1. Field of the Invention
The present invention relates to a semiconductor device having a bump electrode as an electrode for inputting and outputting signals to and from a semiconductor element and a method for manufacturing the same, and in particular to a semiconductor device which can suppress occurrence of cracks at an area below the bump electrode upon the bonding of an inner lead and can achieve an enhanced heat resistance cycle property after the inner lead bonding has been carried out and a method for manufacturing the same.
2. Description of the Related Art Conventionally bump electrodes have been employed as those electrodes for a TAB type and a COB (chip on board) type semiconductor device.

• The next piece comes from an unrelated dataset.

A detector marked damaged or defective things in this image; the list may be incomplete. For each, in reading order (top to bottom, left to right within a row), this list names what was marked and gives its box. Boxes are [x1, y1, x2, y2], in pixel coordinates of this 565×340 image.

FIGS. 1 to 3, each, are a cross-sectional view showing a major section of a semiconductor device having a conventional bump electrode. This structure is disclosed, for example, in Published Unexamined Japanese Patent Application H-1-164041, but involves drawbacks as will be set out below.

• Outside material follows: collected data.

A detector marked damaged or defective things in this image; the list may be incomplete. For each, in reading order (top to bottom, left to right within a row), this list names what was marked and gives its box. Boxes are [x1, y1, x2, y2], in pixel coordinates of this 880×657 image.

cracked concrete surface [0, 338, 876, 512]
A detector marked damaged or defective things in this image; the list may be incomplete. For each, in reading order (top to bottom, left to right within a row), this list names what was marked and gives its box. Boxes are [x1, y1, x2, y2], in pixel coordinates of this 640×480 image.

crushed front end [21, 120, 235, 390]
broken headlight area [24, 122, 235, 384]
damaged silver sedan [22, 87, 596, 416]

As shown in FIG. 1, a bump electrode 102 is provided on a semiconductor substrate 101. A resin film 103 is covered over the surface of the semiconductor substrate 101 except at the bump electrode 102. The surface of the resin film 103 is flush with that of the bump electrode 102 at an area 105 adjacent the bump electrode 102. The resin film 103 serves as a film for protection against any external mechanical damage due to a dicing process, etc., and can prevent a lead shorting whereby direct lead-to-substrate contact occurs. However, the aforementioned semiconductor structure has the following drawbacks. To be specific, upon the bonding of the lead to the device shown in. FIG. 2, the lead 107 is pushed with a pressure P by a bonding tool 106, causing the lead 107 to be pushed into the bump electrode 102. At this time, the bump electrode 102 is deformed so that a crack occurs in the resin film 103 as indicated by reference numeral 108. There is a fear that, upon the occurrence of such a crack in the resin film 103, water and harmful impurities will intrude into the substrate (device body) 101 via the crack 108. This adversely affects the device reliability.
FIG. 3 is a cross-sectional view, as taken along line IIIxe2x80x94III in FIG. 2. As shown in FIG. 3, the lead 107 makes direct contact with the resin film 103 in the semiconductor device of FIG. 1. In this state, upon the thermocompression bonding of the lead 107 to the device, heat is transmitted via the lead 107 to the resin film 103 to cause the resin film 103 to be affected by the heat at an area (heat-affected area) indicated by reference numeral 109 in FIG. 3. The resin film 103, being so heat-affected, gives a bad effect to the device reliability. In addition to the aforementioned drawbacks encountered upon the pushing of the lead onto the bump electrode and upon the thermocompression bonding, an eutectic alloy, i.e., an alloy of tin (Sn) plated to the surface of the lead 107 and gold (Au) contained in the bump electrode 102, is not adequately formed due to the lead 107 contacting with the resin film 103 upon the pushing of the lead 107 into the bump electrode 102. As a result, the lead 107 is liable to be separated off the bump electrode 102.
It is accordingly the object of the present invention to provide a semiconductor device which can suppress occurrence of cracks at an area below a bump electrode upon the bonding of an inner lead and can achieve an enhanced heat resistance cycle property after the bonding of the inner lead and a method for manufacturing the same.
According to one aspect of the present invention there is provided a semiconductor device comprising a semiconductor substrate, at least one bump electrode provided over the semiconductor substrate to allow signals to be input and output to and from a semiconductor device, and a resin film covered on a surface of the semiconductor substrate except at a top area of the bump electrode, wherein the top area of the bump electrode is more projected than a top area of the resin film.
According to another aspect of the present invention there is provided a method for manufacturing a semiconductor device comprising the steps of forming at least one electrode pad over a semiconductor substrate, providing an opening to a surface portion of the electrode pad after forming a passivation film over a surface of the semiconductor substrate and that of the electrode pad, forming a metal film over the surface of the electrode pad at an area of the opening and over the passivation film near the opening, providing a bump electrode over the metal layer, forming an organic insulating film over the bump electrode and passivation film, and etching back the organic insulating film to allow a top area of the bump electrode to be more projected than a top area of the organic insulating film.
The present device and method can suppress occurrence of cracks at an area below a bump electrode upon the bonding of an inner lead and can achieve an enhanced heat resistance cycle property after the bonding of the inner lead.
Additional objects and advantages of the invention will be set forth in the description which follows, and in part will be obvious from the description, or may be learned by practice of the invention. The objects and advantages of the invention may be realized and obtained by means of the instrumentalities and combinations particularly pointed out in the appended claims.